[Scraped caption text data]
════════
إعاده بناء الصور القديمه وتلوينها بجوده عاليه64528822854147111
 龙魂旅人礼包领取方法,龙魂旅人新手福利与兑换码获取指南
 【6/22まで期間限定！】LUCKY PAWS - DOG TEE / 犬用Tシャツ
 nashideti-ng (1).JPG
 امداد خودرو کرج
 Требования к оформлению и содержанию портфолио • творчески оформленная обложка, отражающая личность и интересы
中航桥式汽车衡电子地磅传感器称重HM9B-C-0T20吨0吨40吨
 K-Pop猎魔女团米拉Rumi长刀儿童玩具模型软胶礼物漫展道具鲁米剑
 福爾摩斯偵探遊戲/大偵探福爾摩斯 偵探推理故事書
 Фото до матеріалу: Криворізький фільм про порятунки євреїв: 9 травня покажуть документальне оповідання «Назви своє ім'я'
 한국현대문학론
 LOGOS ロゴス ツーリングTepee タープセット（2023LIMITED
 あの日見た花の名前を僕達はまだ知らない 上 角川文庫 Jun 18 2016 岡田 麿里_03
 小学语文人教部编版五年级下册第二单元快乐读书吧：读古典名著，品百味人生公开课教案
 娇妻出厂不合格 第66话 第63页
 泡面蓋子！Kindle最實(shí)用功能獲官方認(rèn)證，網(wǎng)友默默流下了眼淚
════════
__WHAT THE TASK ASKS__. Transcribe the entries exactly.

__RESULT FOR THIS EXERCISE__.
إعاده بناء الصور القديمه وتلوينها بجوده عاليه64528822854147111
 龙魂旅人礼包领取方法,龙魂旅人新手福利与兑换码获取指南
 【6/22まで期間限定！】LUCKY PAWS - DOG TEE / 犬用Tシャツ
 nashideti-ng (1).JPG
 امداد خودرو کرج
 Требования к оформлению и содержанию портфолио • творчески оформленная обложка, отражающая личность и интересы
中航桥式汽车衡电子地磅传感器称重HM9B-C-0T20吨0吨40吨
 K-Pop猎魔女团米拉Rumi长刀儿童玩具模型软胶礼物漫展道具鲁米剑
 福爾摩斯偵探遊戲/大偵探福爾摩斯 偵探推理故事書
 Фото до матеріалу: Криворізький фільм про порятунки євреїв: 9 травня покажуть документальне оповідання «Назви своє ім'я'
 한국현대문학론
 LOGOS ロゴス ツーリングTepee タープセット（2023LIMITED
 あの日見た花の名前を僕達はまだ知らない 上 角川文庫 Jun 18 2016 岡田 麿里_03
 小学语文人教部编版五年级下册第二单元快乐读书吧：读古典名著，品百味人生公开课教案
 娇妻出厂不合格 第66话 第63页
 泡面蓋子！Kindle最實(shí)用功能獲官方認(rèn)證，網(wǎng)友默默流下了眼淚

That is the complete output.